Your copy should match the records exactly, except that it contains no pictures.

MATERIAL TO PROCESS below:

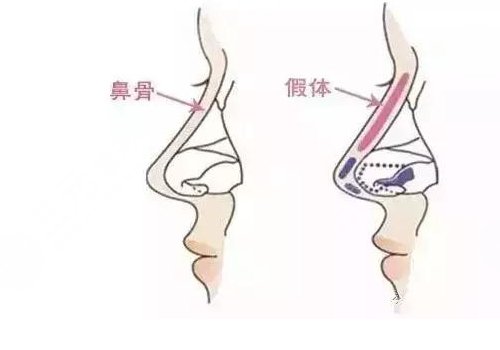 硅胶隆鼻假体可以维持一辈子吗？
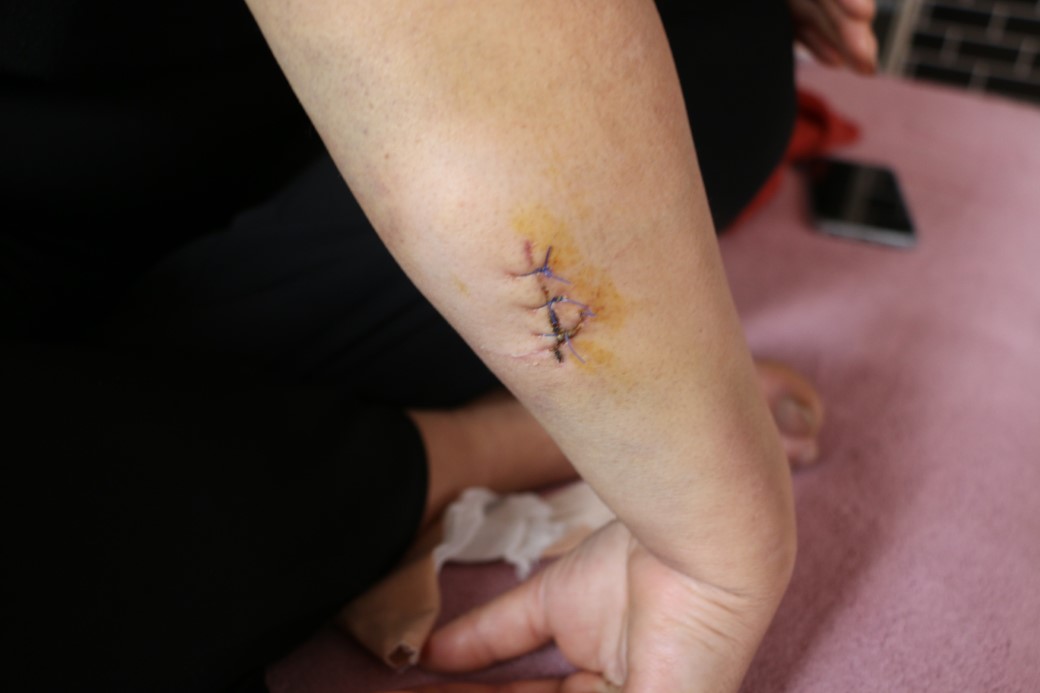 Diyarbakır’da dehşet: Nikahlı eşini 30 yerinden bıçakladı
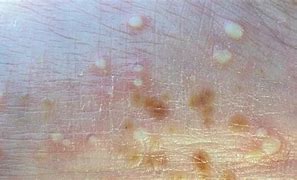 Image result for Pustular Skin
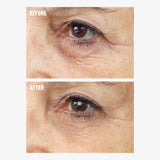 Before and after showing the appearance of under-eye wrinkles with freezeframe REVITALEYES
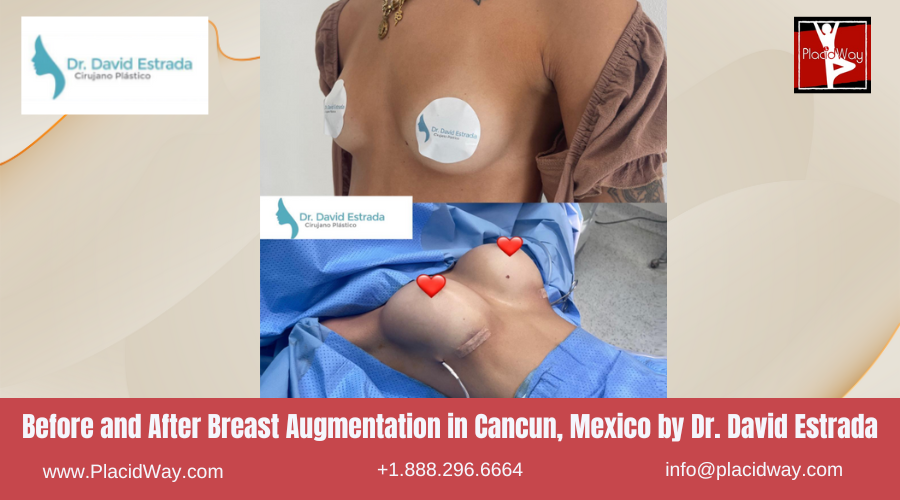 Breast Augmentation in Cancun, Mexico Dr. David Estrada Before and After Image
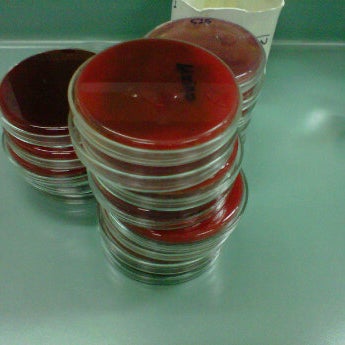 Laboratorium Mikrobiologi Departemen Patologi Klinik FKUI/RSCM Jakarta ...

End of MATERIAL TO PROCESS.

EXERCISE RESPONSE »
 硅胶隆鼻假体可以维持一辈子吗？
 Diyarbakır’da dehşet: Nikahlı eşini 30 yerinden bıçakladı
 Image result for Pustular Skin
 Before and after showing the appearance of under-eye wrinkles with freezeframe REVITALEYES
 Breast Augmentation in Cancun, Mexico Dr. David Estrada Before and After Image
 Laboratorium Mikrobiologi Departemen Patologi Klinik FKUI/RSCM Jakarta ...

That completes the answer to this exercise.